▶ _WHAT TO PRODUCE_: Both the line below containing "Snapshot of Saroj-Shah" and the line containing "Used 2011 GMC Acadia SLE image 3", along with every line between them, should be repeated exactly; no other line belongs in the answer.

▶ _AVAILABLE DATA_:
------------------------------------------------------------------------
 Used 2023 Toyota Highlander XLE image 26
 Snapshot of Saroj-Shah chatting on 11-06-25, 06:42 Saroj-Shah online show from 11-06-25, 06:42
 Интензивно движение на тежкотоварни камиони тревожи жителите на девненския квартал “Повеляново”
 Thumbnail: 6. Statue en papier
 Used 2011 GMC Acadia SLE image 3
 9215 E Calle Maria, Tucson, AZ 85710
------------------------------------------------------------------------
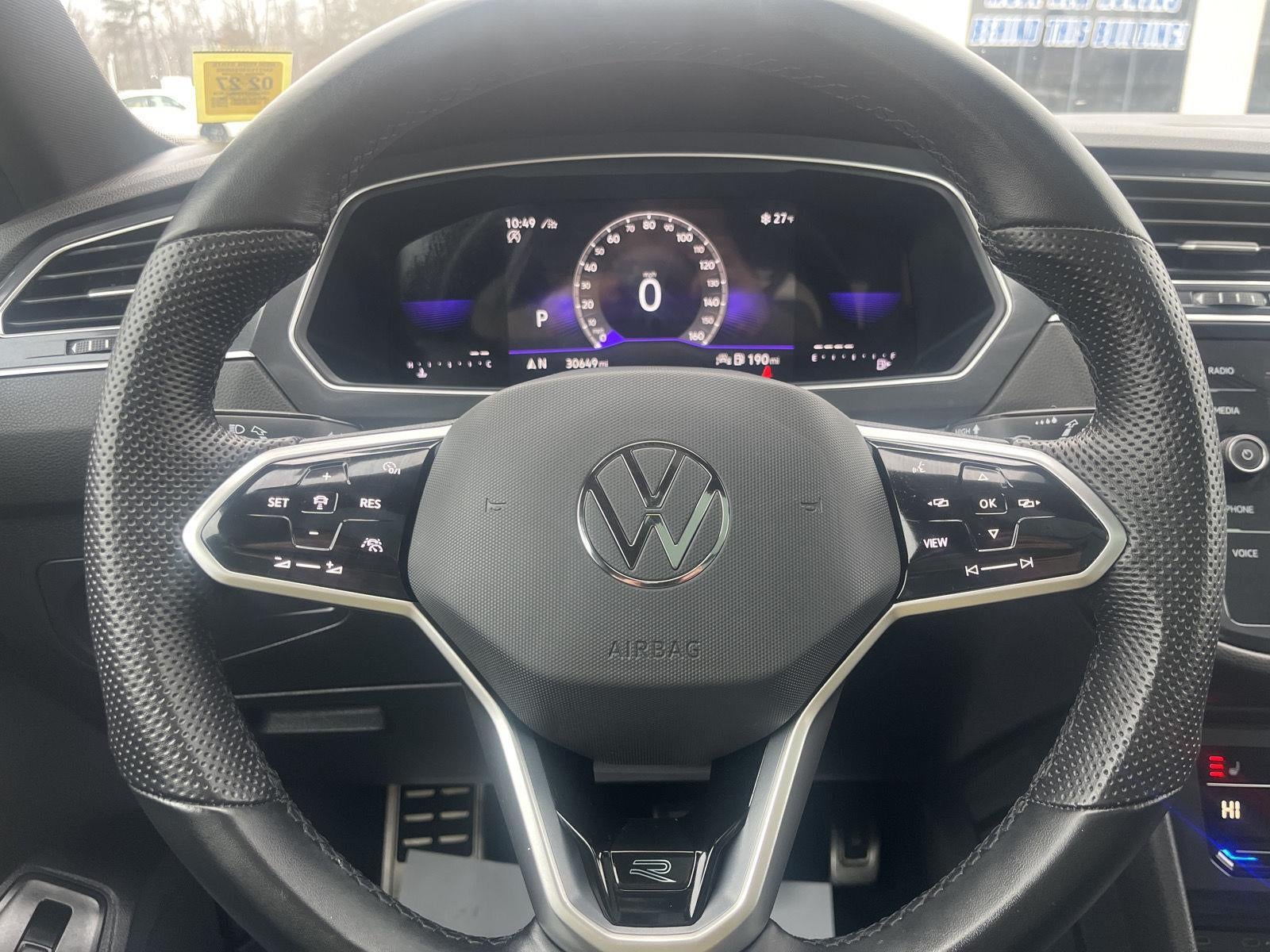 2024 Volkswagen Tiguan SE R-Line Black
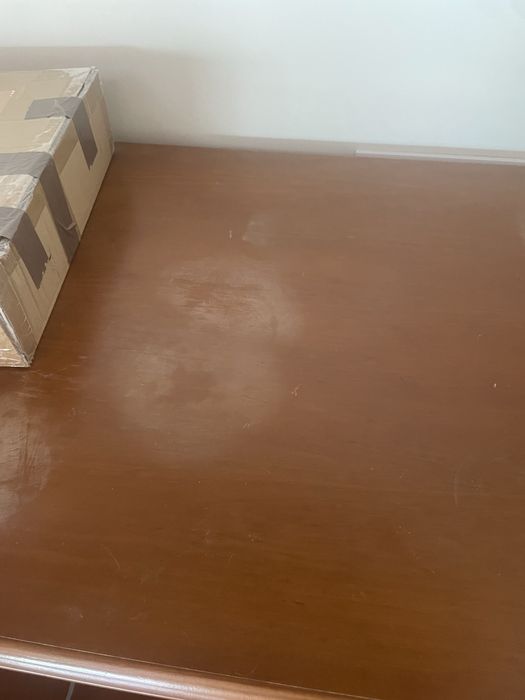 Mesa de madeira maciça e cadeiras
------------------------------------------------------------------------
▶ _OUTPUT OF THE EXERCISE_:
 Snapshot of Saroj-Shah chatting on 11-06-25, 06:42 Saroj-Shah online show from 11-06-25, 06:42
 Интензивно движение на тежкотоварни камиони тревожи жителите на девненския квартал “Повеляново”
 Thumbnail: 6. Statue en papier
 Used 2011 GMC Acadia SLE image 3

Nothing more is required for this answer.